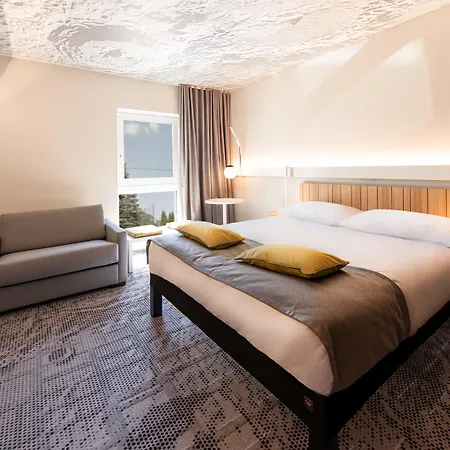 ホテル Ibis Center 3*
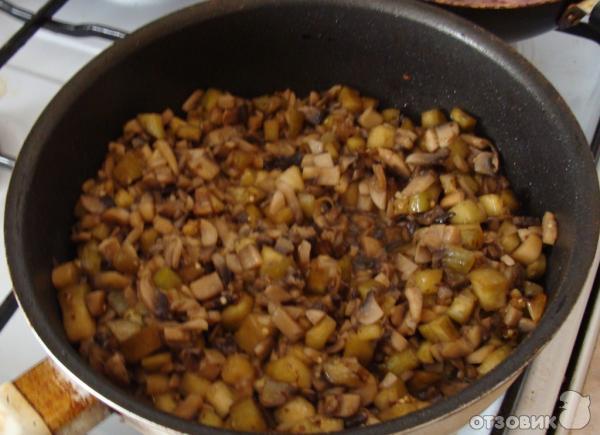 Рецепт Пирожки из готового теста с картофелем и баклажанами фото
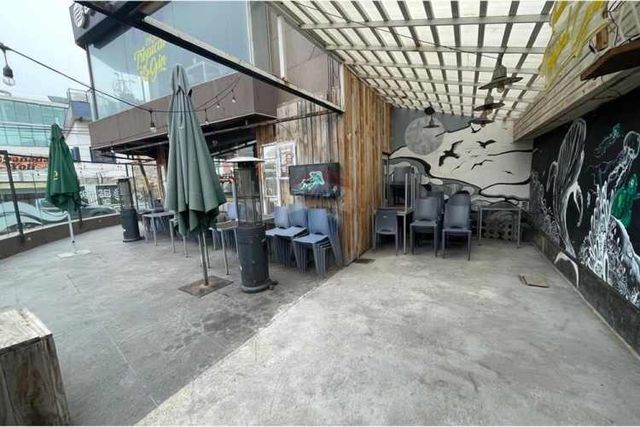 Edificio comercial de lujo en el centro de reñaca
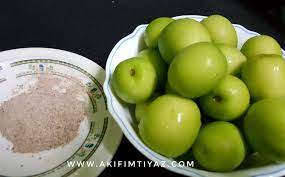 Karakteristik dari pohonnya adalah banyaknya cabang serta kayunya memiliki duri. Banyaknya Khasiat Buah Bidara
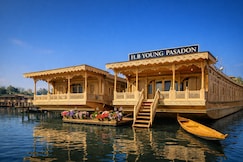 Young Pasadon Houseboat, Srinagar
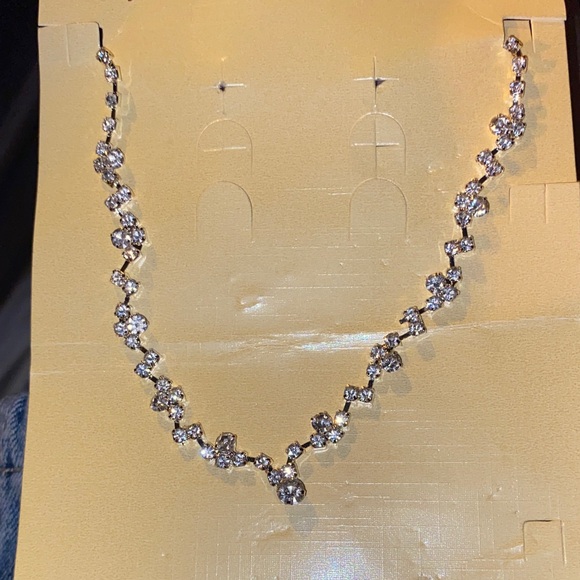 Elegant Silver Necklace with Crystal Accents - Picture 1 of 1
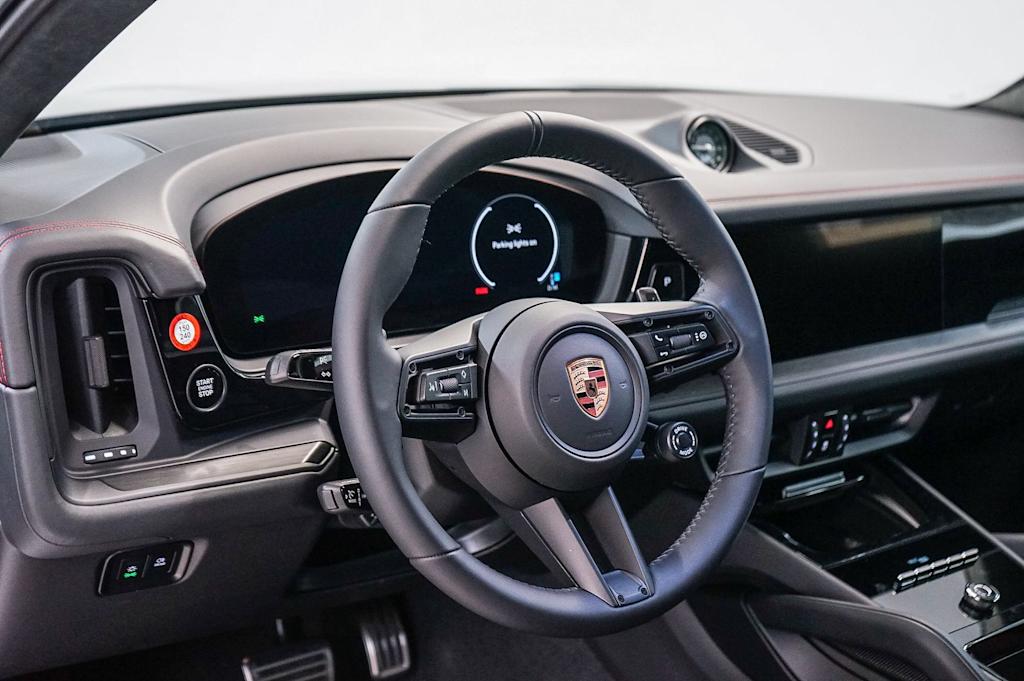 Thumbnail: 2026 Porsche Cayenne - 2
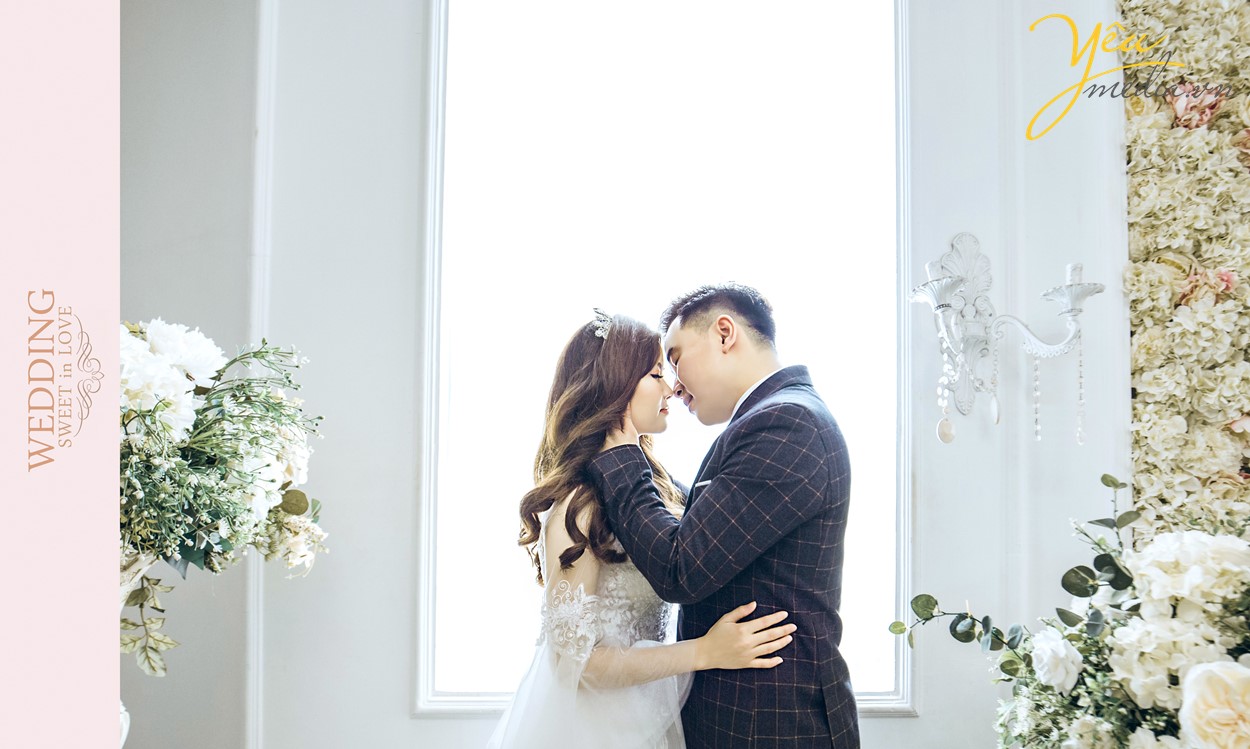 cô dâu chú rể hôn nhau chụp hình cưới trong phim trường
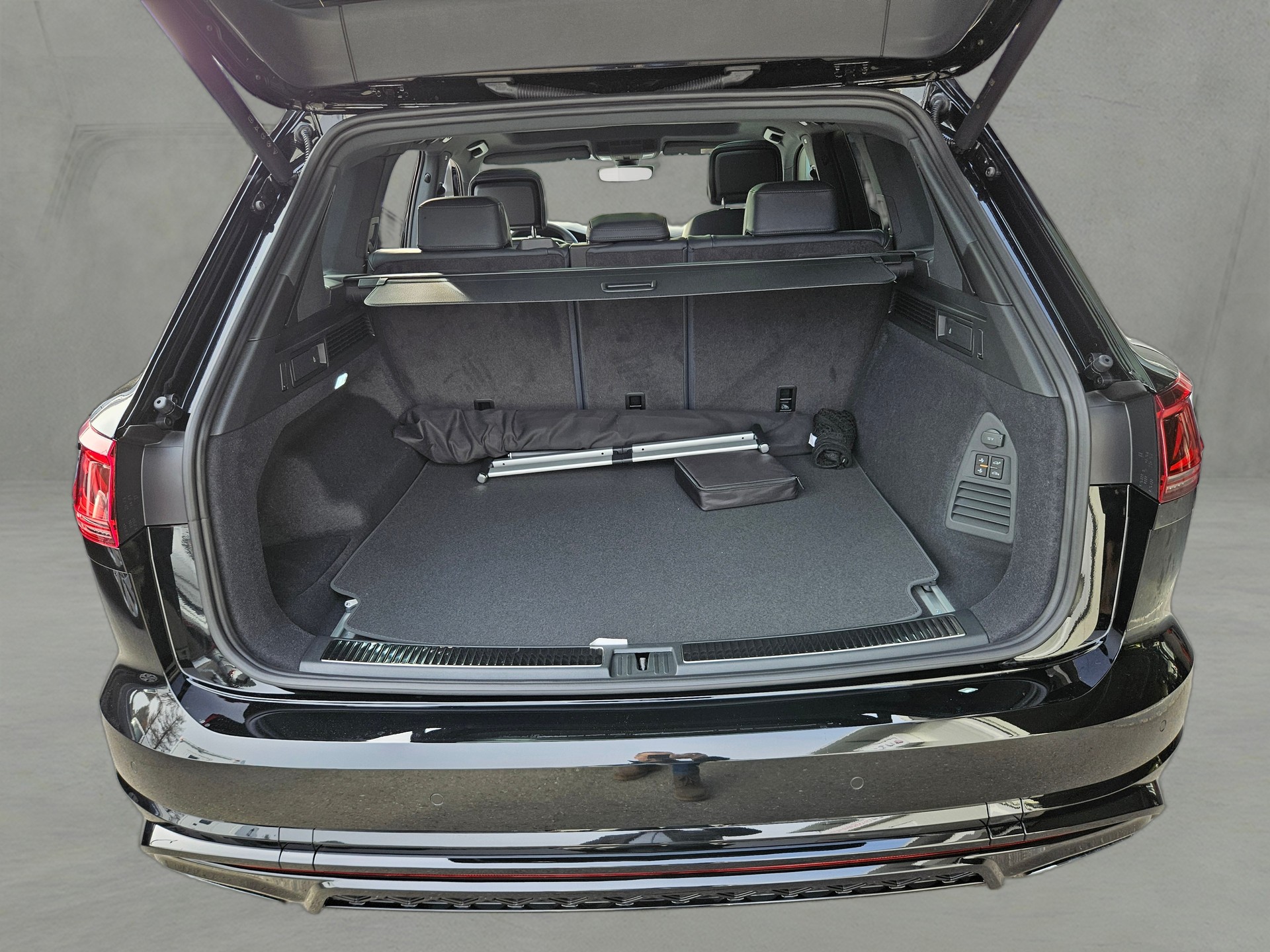 VW Touareg 3.0 TDI R-Line Final Edition Tiptronic *5 J. Garantie, Allradlenkung, Luftfahrwerk*-image-5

* [Directions for this task] All lines from the one containing "Рецепт Пирожки из" through the end of the entries, both ends included, should be written out exactly, with no pictures.

* [Solution to the problem]
 Рецепт Пирожки из готового теста с картофелем и баклажанами фото
 Edificio comercial de lujo en el centro de reñaca
 Karakteristik dari pohonnya adalah banyaknya cabang serta kayunya memiliki duri. Banyaknya Khasiat Buah Bidara
 Young Pasadon Houseboat, Srinagar
 Elegant Silver Necklace with Crystal Accents - Picture 1 of 1
 Thumbnail: 2026 Porsche Cayenne - 2
 cô dâu chú rể hôn nhau chụp hình cưới trong phim trường
 VW Touareg 3.0 TDI R-Line Final Edition Tiptronic *5 J. Garantie, Allradlenkung, Luftfahrwerk*-image-5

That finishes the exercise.